Dans le récit éponyme, nous sommes dans un étrange village où chacun voit son sang s'échapper d'une manière aussi insolite qu'horrible, un arbuste poussant de leur corps, chargé de fruits chargés de ce sang.
Junji Ito revisite le mythe du vampire dans ce récit étonnamment assez romantique. Dans l'épreuve du dédale, des jeunes égarés en forêt tombent sur un temple bouddhiste. L'environnement sectaire des moines leur semble assez inquiétant...il vont chercher à s'échapper, mais le sous-sol est un dédale, et il se pourrait qu'ils soient observés...

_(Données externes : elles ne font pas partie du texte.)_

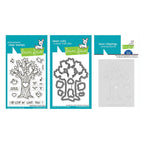 Lawn Fawn Heart Tree Stamps Dies and Coloring Stencils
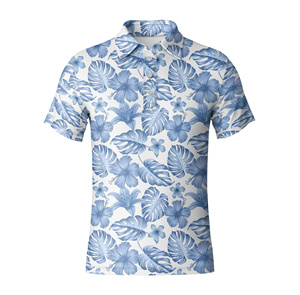 Polo de Golf Resistente a las Arrugas, Poliéster y Elastano, Ropa de Golf Premium, Logotipo Personalizado - Product Image 2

Dans l'épée de réanimation, un jeune passionné du phénomène des feux-follets, en allant en chasser en voit tomber d'un coup des dizaines, au même endroit, comme aimantés. Surprise, ils rechargent en énergie l'épée d'un homme étrange, épée qui a le pouvoir de réanimer les morts. Notre jeune homme d'abord effrayé va vouloir devenir calife à la place du calife...

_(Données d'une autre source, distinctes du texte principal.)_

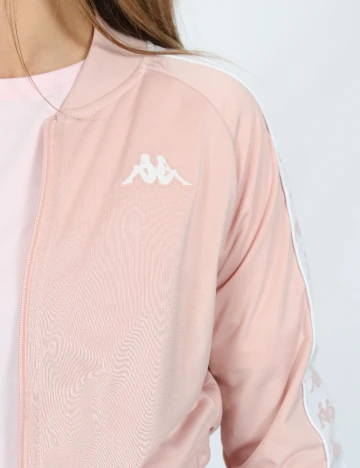 Bluza Kappa, roz pudra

Dans le testament, la jeune Taeko s'est suicidée en se jetant sous un train, tenant à la main un papier peu lisible et énigmatique. Sa soeur Hiroko et ses parents qui lui ont longtemps caché qu'elle avait été adoptée se sentent responsable de sa mort, d'autant que bientôt chaque soir un fantôme apparaît pour les culpabiliser. Mais Hiroko avait une amie très proche, Keiko, avec laquelle elle s'était brouillée...Curieusement, son père, un voisin, vient annoncer à la famille que Keiko est morte. Lui aussi est au prise avec un fantôme. Une histoire de fantômes, de coïncidences et de vengeance par-delà la mort.

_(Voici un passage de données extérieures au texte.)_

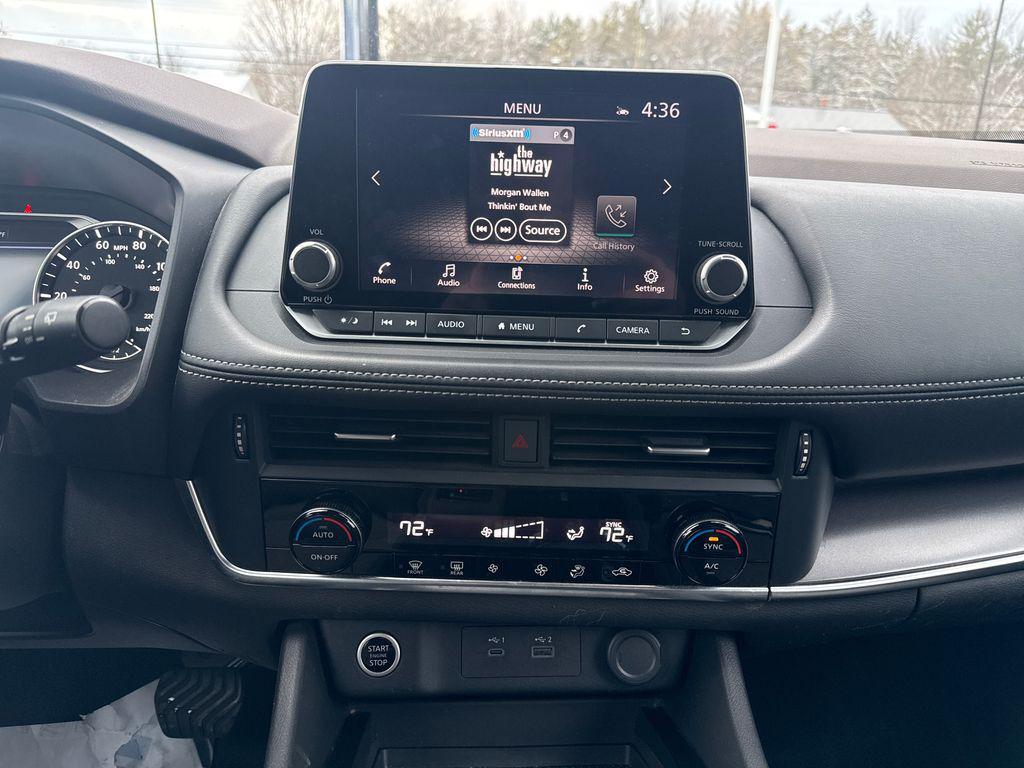 used 2023 Nissan Rogue car, priced at $20,800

Dans le pont, tout un village de zombies se rassemble sur le pont pour réclamer la vieille Osodé. La tradition veut qu'on allonge une personne décédé sur un tatami, et, sans l'y attacher, qu'on le laisse filer sur le cours d'eau vive. Mais avec le courant, certains défunts versent dans la rivière, après avoir heurté un pilier du pont, ou s'être orientés en travers. C'est arrivé jadis à Shokichi, le premier amoureux d'Osodé. Irrépressiblement, elle sent que son heure est venue. Elle préfèrerait ne pas subir ce rite et tomber dans la rivière. Les villageois y voient pourtant pour elle le moyen d'épouser son amour de jeunesse dans l'au-delà. Un beau récit, nimbé d'étrangeté et évoquant le monde des traditions toutes nippones.
Dans Logique diabolique , une élève, Kazué Morimoto, se suicide en se jetant d'un toit de son établissement scolaire, sous les yeux de ses camarades. La prof Sakurai semble avoir tenté de la retenir. A côté du corps, une cassette s'est échappée du sac de la victime. Un copain la récupère...fébrilement, car c'est lui qui l'avait glissé, par curiosité, pour espionner le rencart que Kazué devait avoir quelques heures avant le drame. En l'écoutant, il va se trouver confronté à la mort personnifiée, pour son malheur.
Dans la même salle est assez terrifiante. Une chambre d'hôpital héberge les deux femmes impliquées d'un accident de voiture, légèrement blessées, elles se renvoient la responsabilité et se disputent. Mais elles la partagent avec quatre autres femmes allitées, qui semblent connectées entre elles, rêvant de la même chose et se parlant la nuit. Elles vont s'avérer autrement plus inquiétantes...La situation vire bientôt à l'épouvante...
Un grand plaisir de lecture, qui mêle l'horreur et l'angoisse, sans renoncer entièrement, à la marge, à des sentiments plus doux ou nostalgique, qui m'encourage à poursuivre l'exploration de cette oeuvre riche, notamment avec les sorties récentes et à venir de la nouvelle maison d'édition Mangetsu.